• **MATERIAL SHOWN**:
____________
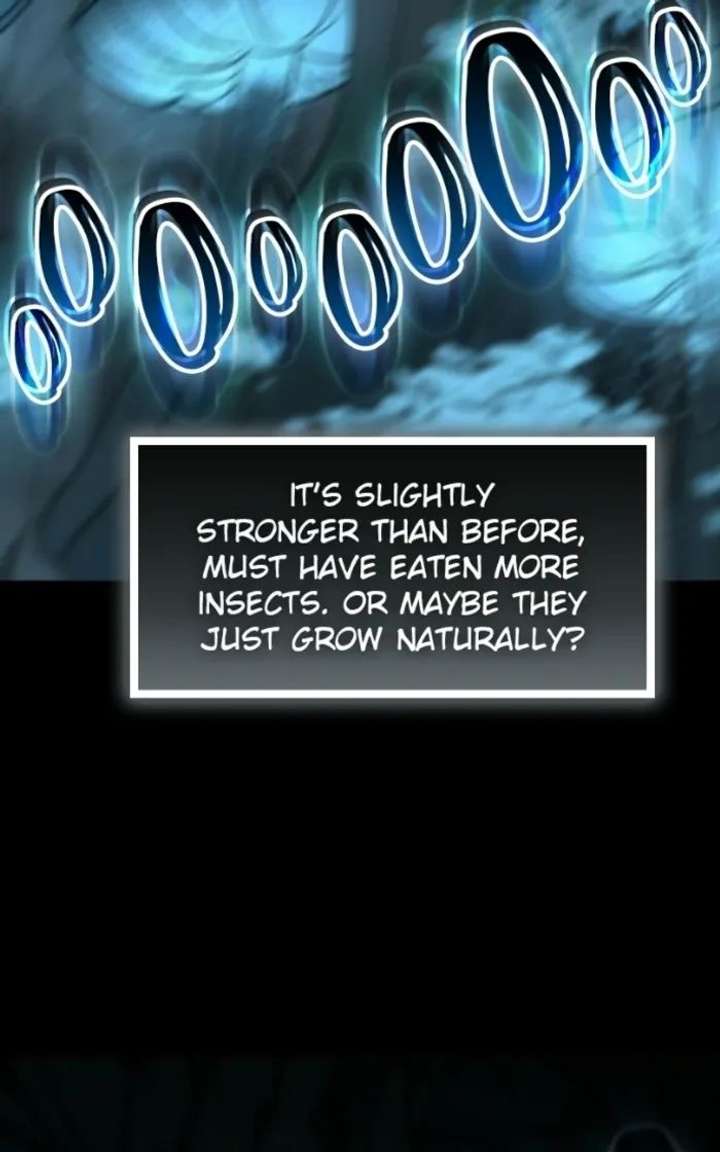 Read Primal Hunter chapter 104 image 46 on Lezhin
____________
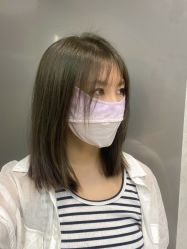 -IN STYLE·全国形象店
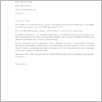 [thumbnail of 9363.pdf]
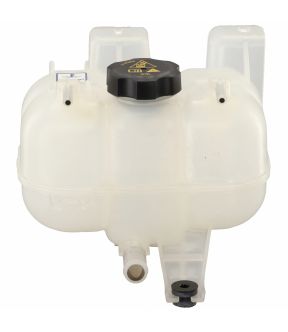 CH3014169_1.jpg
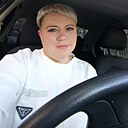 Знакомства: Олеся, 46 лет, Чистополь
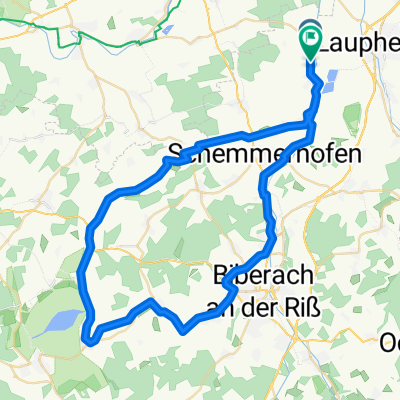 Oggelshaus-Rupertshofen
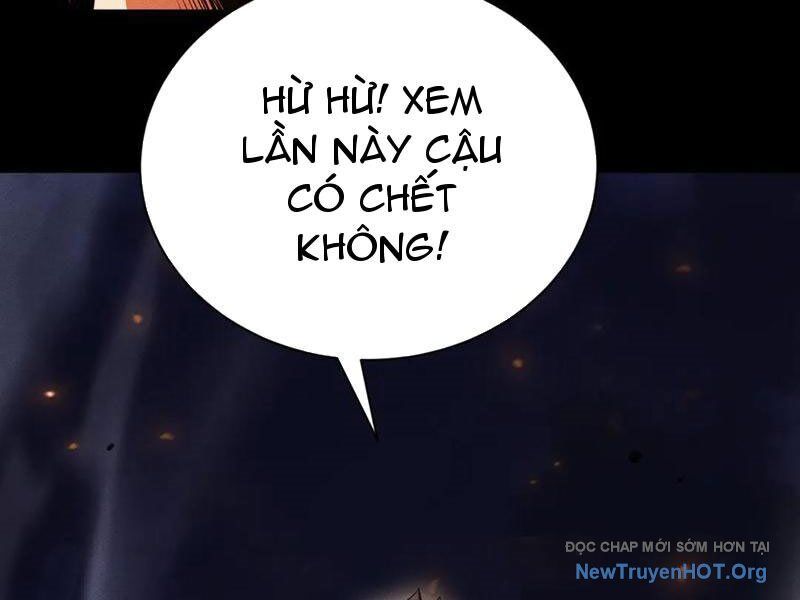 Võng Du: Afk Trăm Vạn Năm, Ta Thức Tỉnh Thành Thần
____________
Every line above from the one with "Знакомства: Олеся, 46 лет, Чистополь" down to the one with "Võng Du: Afk" must be written out exactly, and no picture may appear.

 Знакомства: Олеся, 46 лет, Чистополь
 Oggelshaus-Rupertshofen
 Võng Du: Afk Trăm Vạn Năm, Ta Thức Tỉnh Thành Thần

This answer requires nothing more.